Another exciting breakthrough in bioprinting occurred earlier this year, when a team at Rensselaer Polytechnic Institute in New York created a way to print living skin that can be used in skin grafts and can adapt to a patient’s tissue type.
“Right now, whatever is available as a clinical product is more like a fancy Band-Aid,” Pankaj Karande, associate professor of chemical and biological engineering and leader of the research team, said on the real-world applications their lab-grown tissue could one day have. Their new bioprinting technique promises to produce manufactured tissue at the level required for integration into the body. “Once we start approaching that complexity,” Karande explained, “biology takes over and starts getting closer and closer to what exists in nature.”
Living biomaterial like that offered in this process brings hope that more complex organs may be artificially produced and used in transplants, compatible with the natural human body.
In November 2020, engineers from Carnegie Mellon University’s College of Engineering announced their successful printing of a realistic human heart, strong enough to be used by surgeons for practice performing heart surgery.

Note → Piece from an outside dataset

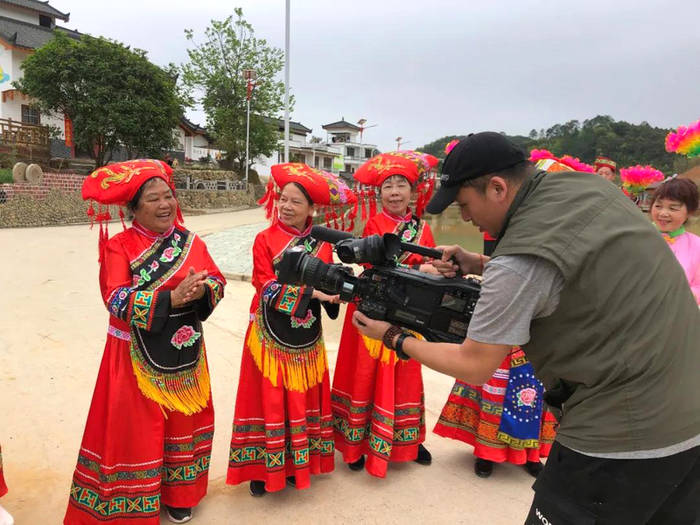有关于中央电视台财经频道《生财有道》栏目组走进苍梧县六堡镇取景拍摄的热门消息(5)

This is a significant development because bioprinted organ models have been too stiff or too soft for any practical use. Knowing this, the team at Carnegie Mellon used a process called Freeform Reversible Embedding of Suspended Hydrogels (FRESH) to create the heart. FRESH involves a bioprinter extruding soft biomaterial a layer at a time into a hydrogel gelatin, which serves to prevent the artificial organ from collapsing during printing. The hydrogel is in a liquid-like state, and some of the material bonds to the extruded substance as it holds the product together. After the model is complete, heat is applied, and the extra hydrogel melts away.
For this specific heart, the team used alginate as their soft organic material. It is an affordable biomaterial made from seaweed with similar properties to cardiac tissue. The team is attempting to model other organs like the kidneys and liver.

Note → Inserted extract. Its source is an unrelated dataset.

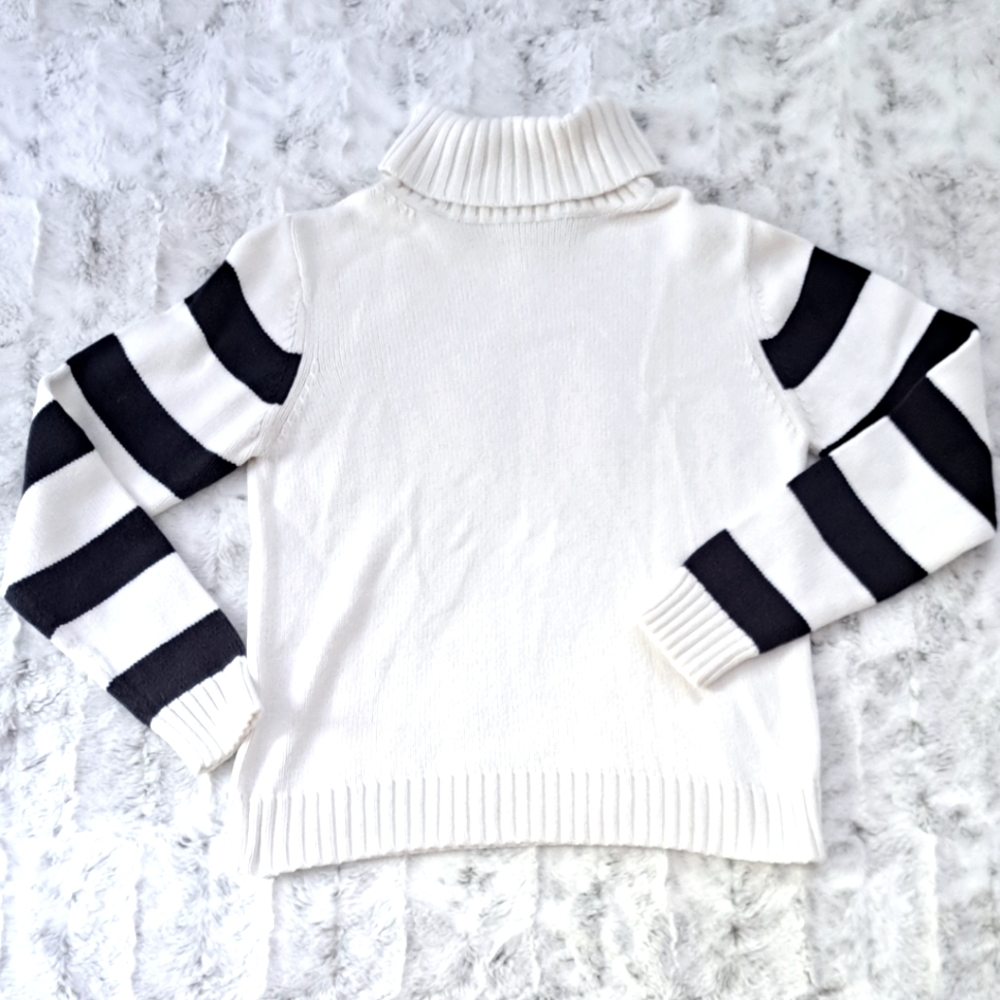 Liz Claiborne cream and navy Stripe turtleneck Classic Preppy sweater.  Size L.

While the heart model is not a living bioprint, the FRESH method may one day be able to print functional, living tissue, like the skin and vascular examples previously explored.

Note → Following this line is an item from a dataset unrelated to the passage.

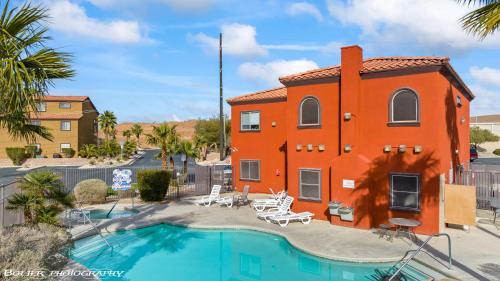 Πισίνα στο ή κοντά στο Hawk Ridge Two Bedroom Condo by Cool Properties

3D bioprinting is an industry budding with growth and potential. Teams around the world are working to advance this technology, which can provide accurate models for surgical practice, living tissue for drug testing, and supplements for healing existing tissue. In the future, bioprinting could produce functional organs for transplants, which would save lives and solve the current shortage of donated organs.
1. Why is bioprinting useful?
3D bioprinting is useful for creating models and living tissue for use in many areas. Model organs can be used to train medical students and give them realistic surgical practice. Living tissue can be used by people who need skin grafts or similar procedures after suffering from burns, as epithelial (skin) tissue is being bioprinted more effectively. In the future, bioprinting could produce real, working organs for transplants and solve problems with certain diseases.
2. How can you learn more about bioprinting and 3D printing in general?
3D printing is becoming increasingly accessible as the cost of machines and materials is falling. If you want to be able to fabricate your own designs and print models from a vast internet of free content, you should consider buying a 3D printer. Today, you can purchase a capable machine for less than three hundred dollars, such as the popular Ender 3 Pro, and be able to use this technology in your own home. 3D printing opens up doors for creativity, engineering, and STEM fields in general.